[To do]:
Please repeat the listing exactly, with every line intact.

[Information provided]:
++++

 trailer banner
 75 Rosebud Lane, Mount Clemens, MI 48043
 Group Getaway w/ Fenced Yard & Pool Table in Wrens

++++

[Problem solution]:
 trailer banner
 75 Rosebud Lane, Mount Clemens, MI 48043
 Group Getaway w/ Fenced Yard & Pool Table in Wrens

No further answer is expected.